POLITICS

FAMU President Elmira Mangum steps down with six months remaining on contract

Tia Mitchell
FAMU President Elmira Mangum is pictured. The FAMU Board of Trustees approved a separation agreement Thursday that calls for Mangum to step down immediately.

TALLAHASSEE | For the third time in a decade, Florida A&M University has a vacancy at the top.

The FAMU Board of Trustees approved a separation agreement Thursday that called for President Elmira Mangum to step down immediately. Mangum will be paid her regular $425,000 annual salary through the duration of her contract, which expires March 31. She is also eligible for a yearlong sabbatical and to return to FAMU as a faculty member.

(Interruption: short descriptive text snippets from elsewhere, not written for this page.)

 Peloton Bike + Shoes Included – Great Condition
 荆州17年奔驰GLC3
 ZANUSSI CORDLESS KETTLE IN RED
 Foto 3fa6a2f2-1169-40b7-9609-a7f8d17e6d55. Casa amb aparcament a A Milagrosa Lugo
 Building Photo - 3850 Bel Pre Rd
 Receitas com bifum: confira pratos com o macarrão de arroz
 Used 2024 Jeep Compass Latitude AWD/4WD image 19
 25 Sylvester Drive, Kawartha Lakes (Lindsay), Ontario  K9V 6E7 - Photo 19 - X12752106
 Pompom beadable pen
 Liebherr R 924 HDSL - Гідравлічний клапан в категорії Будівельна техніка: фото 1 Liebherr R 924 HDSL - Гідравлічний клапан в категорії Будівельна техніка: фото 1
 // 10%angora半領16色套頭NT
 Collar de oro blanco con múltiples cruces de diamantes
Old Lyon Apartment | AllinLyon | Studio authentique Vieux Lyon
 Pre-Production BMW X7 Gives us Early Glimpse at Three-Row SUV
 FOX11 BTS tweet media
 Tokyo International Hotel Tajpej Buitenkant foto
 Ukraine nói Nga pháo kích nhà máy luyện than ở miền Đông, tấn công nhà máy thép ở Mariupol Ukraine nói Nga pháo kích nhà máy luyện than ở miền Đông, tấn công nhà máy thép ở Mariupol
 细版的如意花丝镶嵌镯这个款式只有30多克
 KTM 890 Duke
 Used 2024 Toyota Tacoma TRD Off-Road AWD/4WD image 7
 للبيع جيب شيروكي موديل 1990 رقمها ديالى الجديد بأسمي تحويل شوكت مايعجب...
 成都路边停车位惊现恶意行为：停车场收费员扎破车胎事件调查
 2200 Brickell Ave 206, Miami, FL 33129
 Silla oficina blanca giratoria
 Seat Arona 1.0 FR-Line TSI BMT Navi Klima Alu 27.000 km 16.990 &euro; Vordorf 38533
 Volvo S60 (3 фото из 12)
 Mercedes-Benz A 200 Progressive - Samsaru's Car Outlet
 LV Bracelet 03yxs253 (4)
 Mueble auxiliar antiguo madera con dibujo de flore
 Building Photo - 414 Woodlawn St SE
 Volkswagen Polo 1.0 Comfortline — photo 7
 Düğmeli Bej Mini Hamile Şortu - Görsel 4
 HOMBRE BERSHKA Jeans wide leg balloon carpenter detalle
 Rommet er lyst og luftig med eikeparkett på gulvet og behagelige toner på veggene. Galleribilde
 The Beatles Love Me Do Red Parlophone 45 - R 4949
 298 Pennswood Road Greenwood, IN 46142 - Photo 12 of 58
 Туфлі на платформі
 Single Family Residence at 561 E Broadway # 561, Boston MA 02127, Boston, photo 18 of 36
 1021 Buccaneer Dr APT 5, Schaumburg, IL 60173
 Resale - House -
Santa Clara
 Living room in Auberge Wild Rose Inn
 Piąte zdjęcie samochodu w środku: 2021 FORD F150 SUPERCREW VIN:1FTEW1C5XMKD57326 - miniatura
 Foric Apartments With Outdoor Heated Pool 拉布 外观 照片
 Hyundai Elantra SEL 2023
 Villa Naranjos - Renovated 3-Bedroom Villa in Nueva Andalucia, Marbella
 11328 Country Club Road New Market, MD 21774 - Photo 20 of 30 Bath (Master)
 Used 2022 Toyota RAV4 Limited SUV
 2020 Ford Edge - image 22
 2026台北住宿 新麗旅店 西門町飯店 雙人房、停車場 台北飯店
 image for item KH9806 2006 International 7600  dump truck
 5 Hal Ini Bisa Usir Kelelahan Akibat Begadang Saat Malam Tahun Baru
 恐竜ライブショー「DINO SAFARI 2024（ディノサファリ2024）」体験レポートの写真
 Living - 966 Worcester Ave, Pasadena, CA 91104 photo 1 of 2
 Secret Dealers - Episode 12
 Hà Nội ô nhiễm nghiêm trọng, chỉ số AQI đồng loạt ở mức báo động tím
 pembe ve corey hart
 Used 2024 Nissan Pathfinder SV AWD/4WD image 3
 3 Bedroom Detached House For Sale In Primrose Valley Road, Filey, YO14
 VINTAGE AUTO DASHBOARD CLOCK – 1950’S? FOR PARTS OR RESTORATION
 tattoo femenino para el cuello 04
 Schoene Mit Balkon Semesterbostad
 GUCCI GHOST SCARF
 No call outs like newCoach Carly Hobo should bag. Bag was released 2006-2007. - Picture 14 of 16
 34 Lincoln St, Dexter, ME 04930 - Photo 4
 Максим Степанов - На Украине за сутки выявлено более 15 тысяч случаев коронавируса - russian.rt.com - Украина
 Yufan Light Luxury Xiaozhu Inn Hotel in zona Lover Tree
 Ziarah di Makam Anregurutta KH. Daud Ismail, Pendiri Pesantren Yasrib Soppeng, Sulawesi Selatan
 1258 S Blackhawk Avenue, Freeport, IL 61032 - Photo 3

The vote was 10-1. Student Body President Jaylen Smith cast the lone dissenting vote. Immediately afterward Mangum said she accepted the board's decision.

"I believe it is clear that there is no way forward," she said.

Larry Robinson, who has twice acted as interim president, was asked to serve in that role again.

The board approved the separation agreement ironed out with Mangum's attorney despite the objections of some students and faculty. Hired in 2014, she was the university's 11th full-time president and first woman to serve in the role.

Mangum also will receive $7,500 in moving expenses to vacate the president's house on campus in the next month and $6,500 for attorney fees.

Mangum's tenure at FAMU was rocky from the start, and she had tense relationships with a few trustees. Some of that acrimony subsided when Gov. Rick Scott and the Board of Governors that oversees state universities overhauled FAMU's board over the last year.

However, it became clear the board would not renew or extend her contract after she received poor-to-middling marks on her second annual review, which was finalized in August. She embraced students, Provost Marcella David and other well-wishers on her way out after the vote.

Mangum said she feels good about her tenure at FAMU, which U.S. News & World Report recently named the nation's top public historically black college or university.

"The university is in a better position than it was when I came," she said. "I think the students are certainly more focused on completion, and overall the institution, I think nationally, is in a better place."

Trustee Thomas Dortch, who chaired the special committee that negotiated Mangum's exit, said it was the best way to move forward with dignity and respect for all involved. He said an agreement was the best strategy once it became clear that a majority of trustees would not agree to renew her contract beyond March 31.

"At the end of the day, this board has to have the courage to make a decision based on what it thinks is in the best interest" of the university, he said.